» REQUIRED ACTION
The line containing "Imagen general del" marks the start; extract exactly from it through the last line of the entries, and omit any pictures.

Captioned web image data
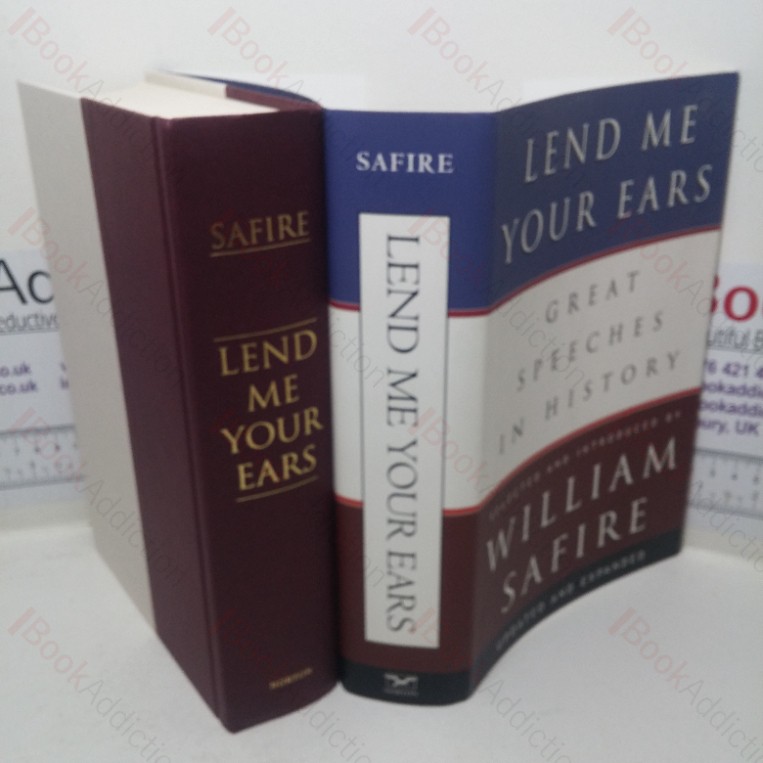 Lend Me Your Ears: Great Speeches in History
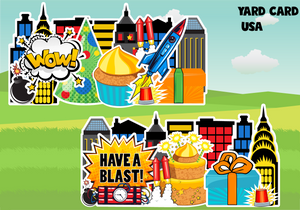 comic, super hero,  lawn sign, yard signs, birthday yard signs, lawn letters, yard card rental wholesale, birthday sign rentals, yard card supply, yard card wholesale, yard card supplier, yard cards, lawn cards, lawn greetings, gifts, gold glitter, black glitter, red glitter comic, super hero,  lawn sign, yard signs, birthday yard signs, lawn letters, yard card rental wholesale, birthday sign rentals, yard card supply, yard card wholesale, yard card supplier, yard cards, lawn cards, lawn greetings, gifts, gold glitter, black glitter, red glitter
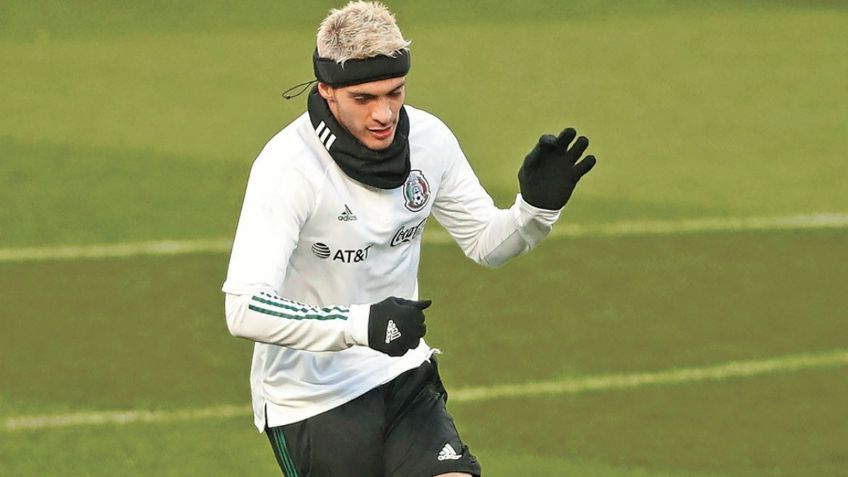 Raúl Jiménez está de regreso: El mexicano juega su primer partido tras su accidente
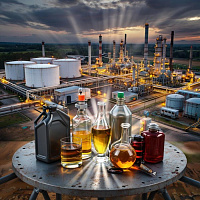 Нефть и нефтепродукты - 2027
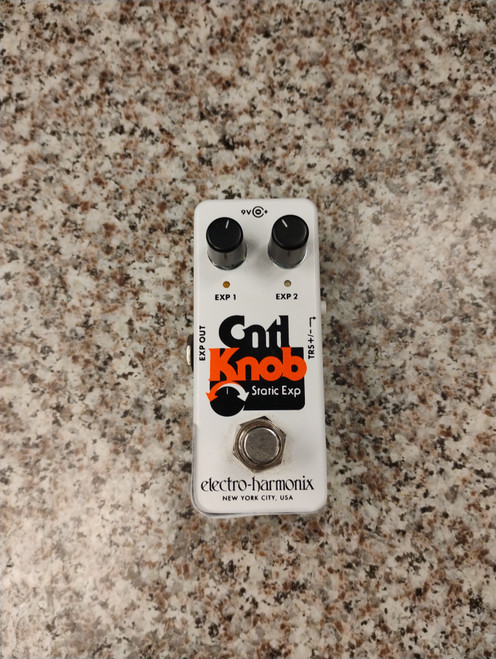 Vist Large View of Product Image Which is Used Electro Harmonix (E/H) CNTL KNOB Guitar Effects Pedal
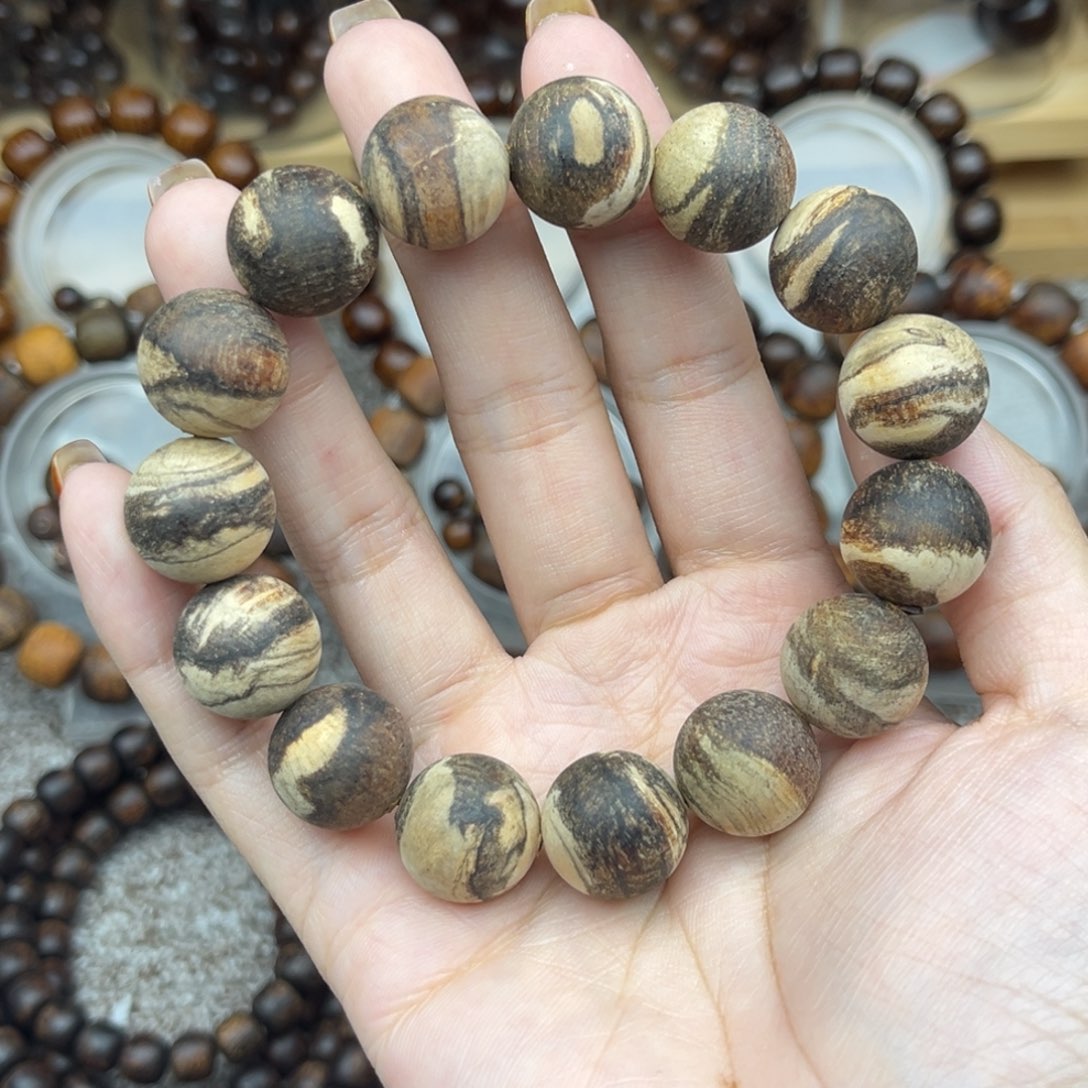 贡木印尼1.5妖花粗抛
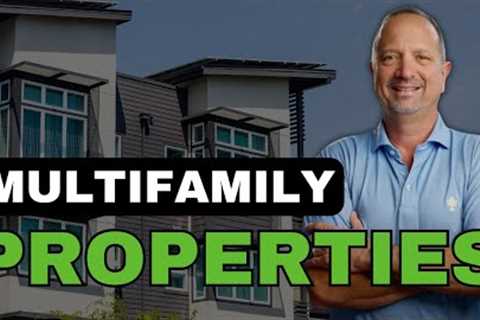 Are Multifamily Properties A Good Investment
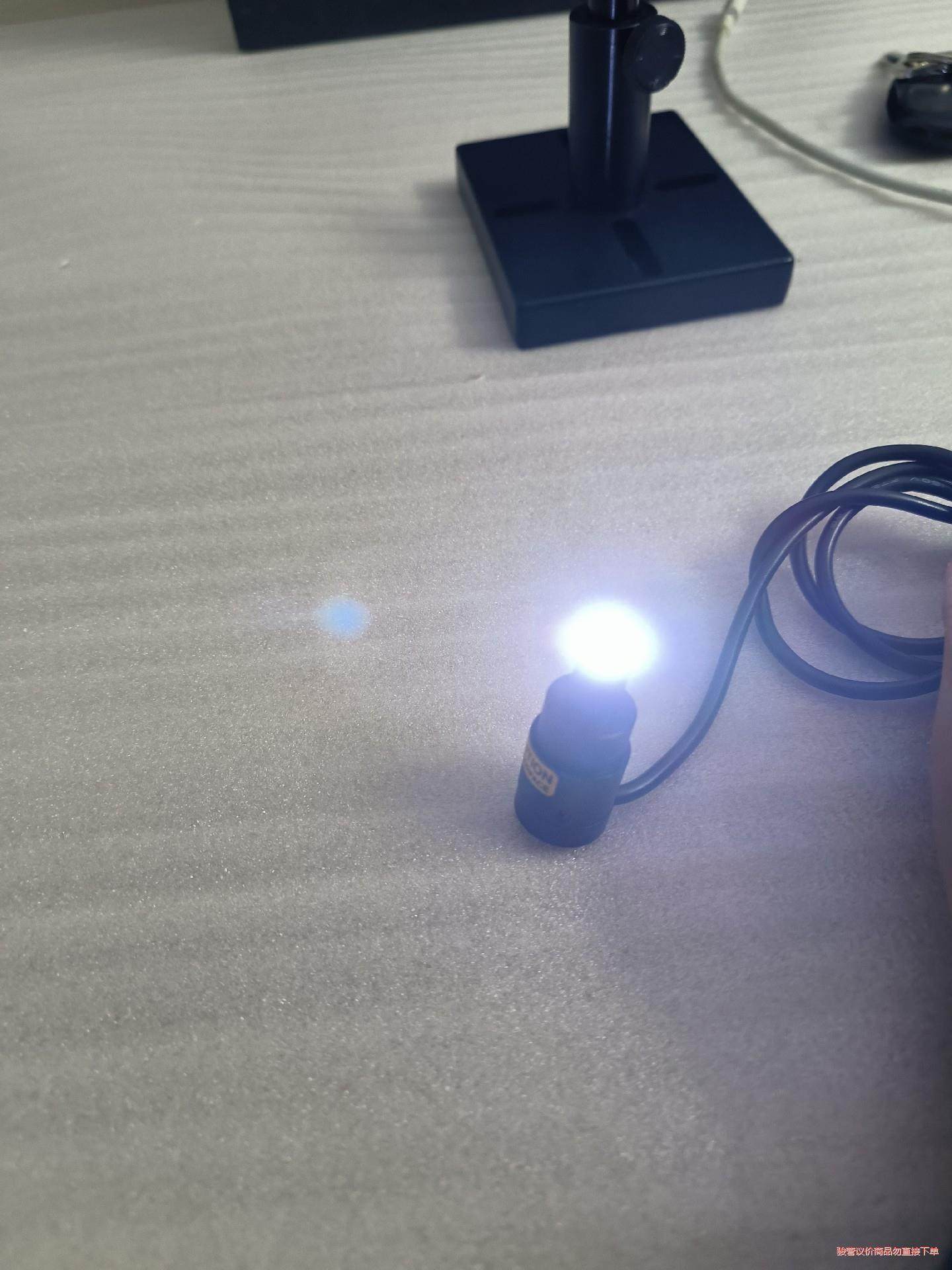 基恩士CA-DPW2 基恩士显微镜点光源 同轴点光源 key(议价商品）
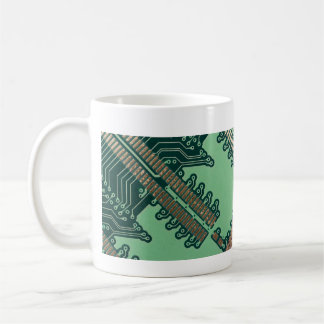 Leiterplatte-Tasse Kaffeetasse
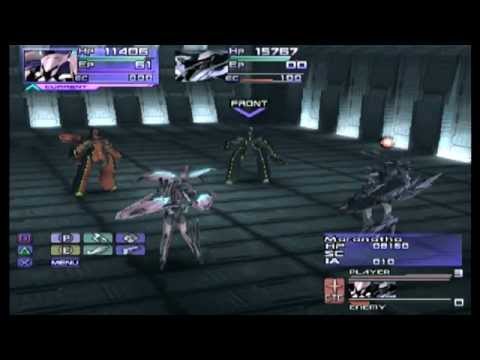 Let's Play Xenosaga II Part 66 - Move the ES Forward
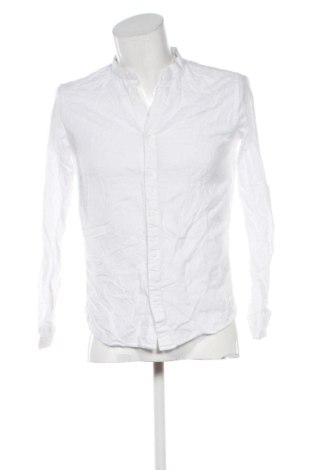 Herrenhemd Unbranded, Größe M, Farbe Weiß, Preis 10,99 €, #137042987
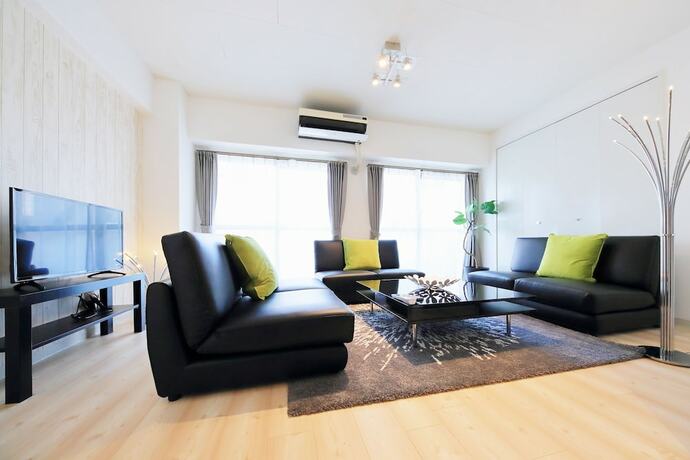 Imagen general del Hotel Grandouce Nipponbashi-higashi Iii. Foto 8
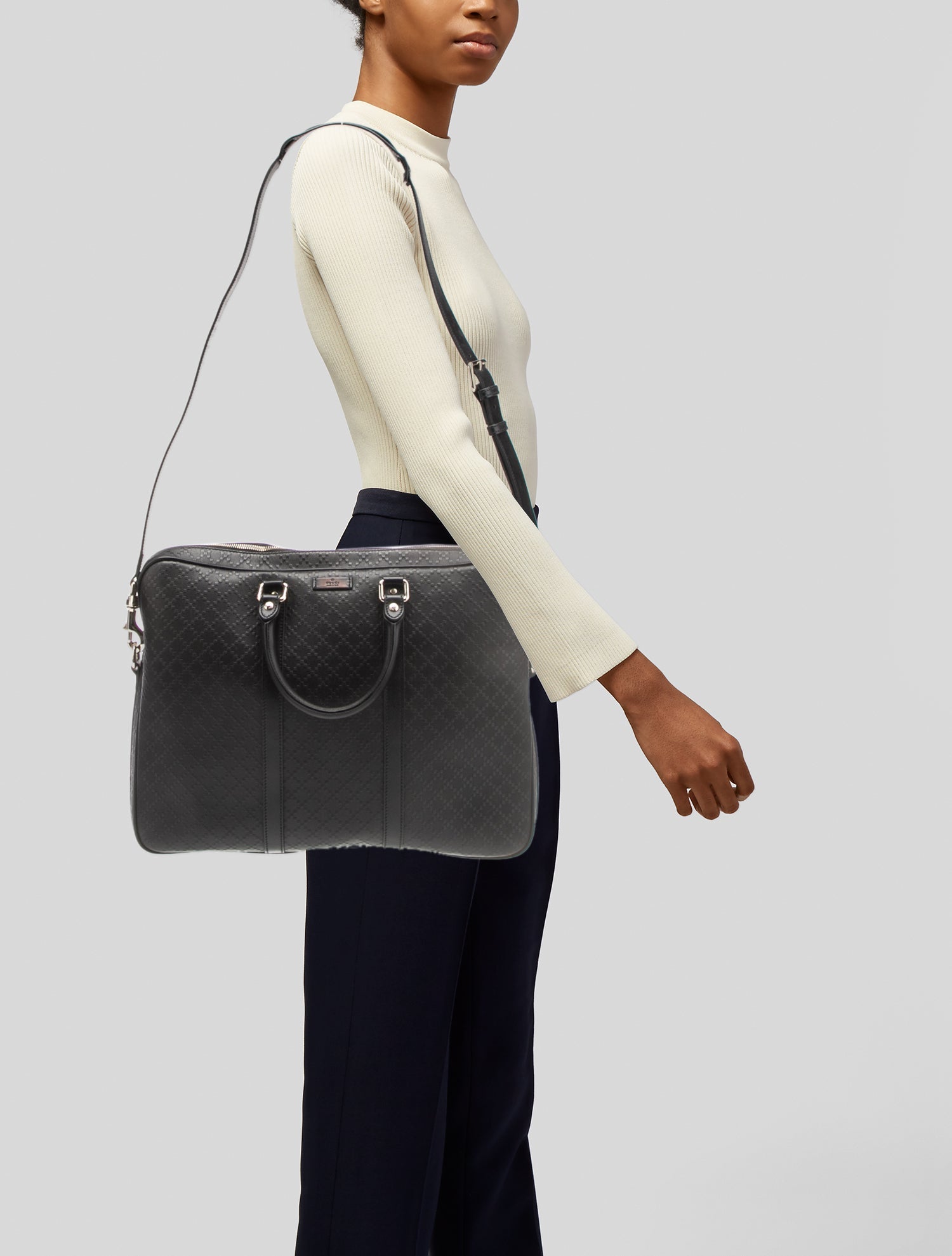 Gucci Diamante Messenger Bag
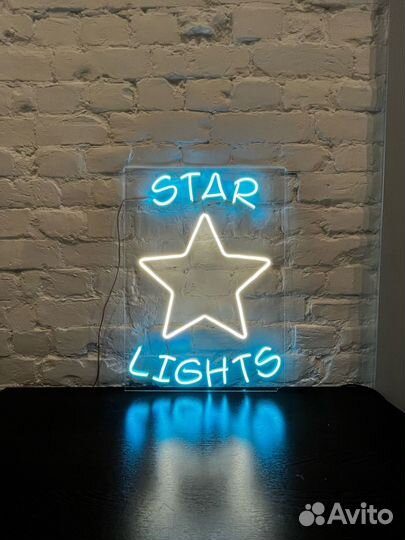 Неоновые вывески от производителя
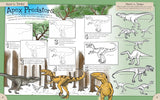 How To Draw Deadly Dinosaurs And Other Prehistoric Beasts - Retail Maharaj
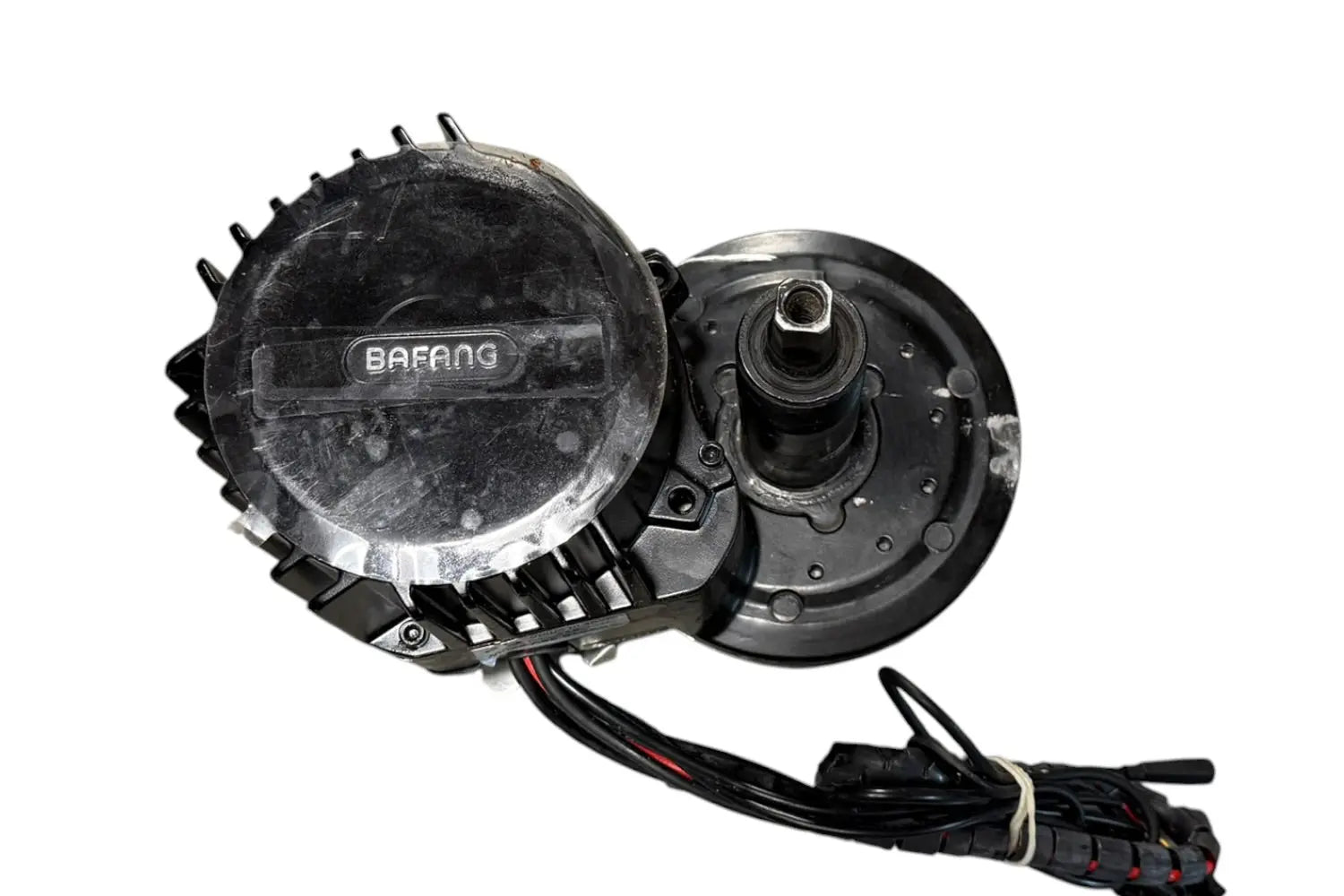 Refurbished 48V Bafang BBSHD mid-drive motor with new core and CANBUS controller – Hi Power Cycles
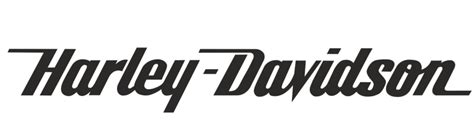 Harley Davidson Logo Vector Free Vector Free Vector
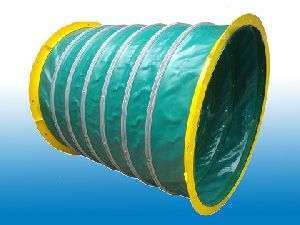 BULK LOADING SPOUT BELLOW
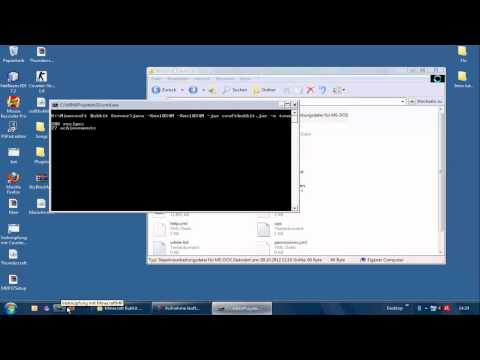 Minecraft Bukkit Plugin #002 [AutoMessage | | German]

» WRITTEN RESPONSE
 Imagen general del Hotel Grandouce Nipponbashi-higashi Iii. Foto 8
 Gucci Diamante Messenger Bag
 Неоновые вывески от производителя
 How To Draw Deadly Dinosaurs And Other Prehistoric Beasts - Retail Maharaj
 Refurbished 48V Bafang BBSHD mid-drive motor with new core and CANBUS controller – Hi Power Cycles
 Harley Davidson Logo Vector Free Vector Free Vector
 BULK LOADING SPOUT BELLOW
 Minecraft Bukkit Plugin #002 [AutoMessage | | German]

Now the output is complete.